TASK DETAILS: Repeat the records below verbatim.

STORED DATA:

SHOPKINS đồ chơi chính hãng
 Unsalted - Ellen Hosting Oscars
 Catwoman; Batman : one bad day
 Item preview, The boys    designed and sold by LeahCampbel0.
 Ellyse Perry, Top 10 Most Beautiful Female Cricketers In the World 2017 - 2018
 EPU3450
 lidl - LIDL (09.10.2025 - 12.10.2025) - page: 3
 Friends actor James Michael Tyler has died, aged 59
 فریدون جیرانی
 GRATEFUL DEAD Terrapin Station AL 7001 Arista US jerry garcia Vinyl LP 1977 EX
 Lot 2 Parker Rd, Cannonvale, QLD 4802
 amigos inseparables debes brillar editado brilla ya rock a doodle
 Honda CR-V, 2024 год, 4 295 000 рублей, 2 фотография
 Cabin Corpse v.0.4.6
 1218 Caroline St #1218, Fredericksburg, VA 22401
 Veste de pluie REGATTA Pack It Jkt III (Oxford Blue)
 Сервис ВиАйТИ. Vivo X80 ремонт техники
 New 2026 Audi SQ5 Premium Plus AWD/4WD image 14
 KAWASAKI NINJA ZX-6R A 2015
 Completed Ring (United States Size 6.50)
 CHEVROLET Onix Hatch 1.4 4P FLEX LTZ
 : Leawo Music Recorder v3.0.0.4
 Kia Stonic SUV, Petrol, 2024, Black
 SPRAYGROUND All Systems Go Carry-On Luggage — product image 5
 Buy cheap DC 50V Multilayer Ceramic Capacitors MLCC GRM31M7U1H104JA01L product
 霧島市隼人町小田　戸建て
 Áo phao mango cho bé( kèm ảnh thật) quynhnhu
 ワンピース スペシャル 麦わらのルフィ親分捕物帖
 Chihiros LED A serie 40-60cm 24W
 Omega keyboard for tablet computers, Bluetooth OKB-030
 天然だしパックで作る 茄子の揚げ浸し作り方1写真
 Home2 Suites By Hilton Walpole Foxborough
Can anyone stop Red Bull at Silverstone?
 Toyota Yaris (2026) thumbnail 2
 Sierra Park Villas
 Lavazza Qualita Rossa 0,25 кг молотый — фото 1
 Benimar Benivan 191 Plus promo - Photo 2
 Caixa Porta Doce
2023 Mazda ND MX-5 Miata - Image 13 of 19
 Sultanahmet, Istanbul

ANSWER FOR THE TASK:
SHOPKINS đồ chơi chính hãng
 Unsalted - Ellen Hosting Oscars
 Catwoman; Batman : one bad day
 Item preview, The boys    designed and sold by LeahCampbel0.
 Ellyse Perry, Top 10 Most Beautiful Female Cricketers In the World 2017 - 2018
 EPU3450
 lidl - LIDL (09.10.2025 - 12.10.2025) - page: 3
 Friends actor James Michael Tyler has died, aged 59
 فریدون جیرانی
 GRATEFUL DEAD Terrapin Station AL 7001 Arista US jerry garcia Vinyl LP 1977 EX
 Lot 2 Parker Rd, Cannonvale, QLD 4802
 amigos inseparables debes brillar editado brilla ya rock a doodle
 Honda CR-V, 2024 год, 4 295 000 рублей, 2 фотография
 Cabin Corpse v.0.4.6
 1218 Caroline St #1218, Fredericksburg, VA 22401
 Veste de pluie REGATTA Pack It Jkt III (Oxford Blue)
 Сервис ВиАйТИ. Vivo X80 ремонт техники
 New 2026 Audi SQ5 Premium Plus AWD/4WD image 14
 KAWASAKI NINJA ZX-6R A 2015
 Completed Ring (United States Size 6.50)
 CHEVROLET Onix Hatch 1.4 4P FLEX LTZ
 : Leawo Music Recorder v3.0.0.4
 Kia Stonic SUV, Petrol, 2024, Black
 SPRAYGROUND All Systems Go Carry-On Luggage — product image 5
 Buy cheap DC 50V Multilayer Ceramic Capacitors MLCC GRM31M7U1H104JA01L product
 霧島市隼人町小田　戸建て
 Áo phao mango cho bé( kèm ảnh thật) quynhnhu
 ワンピース スペシャル 麦わらのルフィ親分捕物帖
 Chihiros LED A serie 40-60cm 24W
 Omega keyboard for tablet computers, Bluetooth OKB-030
 天然だしパックで作る 茄子の揚げ浸し作り方1写真
 Home2 Suites By Hilton Walpole Foxborough
Can anyone stop Red Bull at Silverstone?
 Toyota Yaris (2026) thumbnail 2
 Sierra Park Villas
 Lavazza Qualita Rossa 0,25 кг молотый — фото 1
 Benimar Benivan 191 Plus promo - Photo 2
 Caixa Porta Doce
2023 Mazda ND MX-5 Miata - Image 13 of 19
 Sultanahmet, Istanbul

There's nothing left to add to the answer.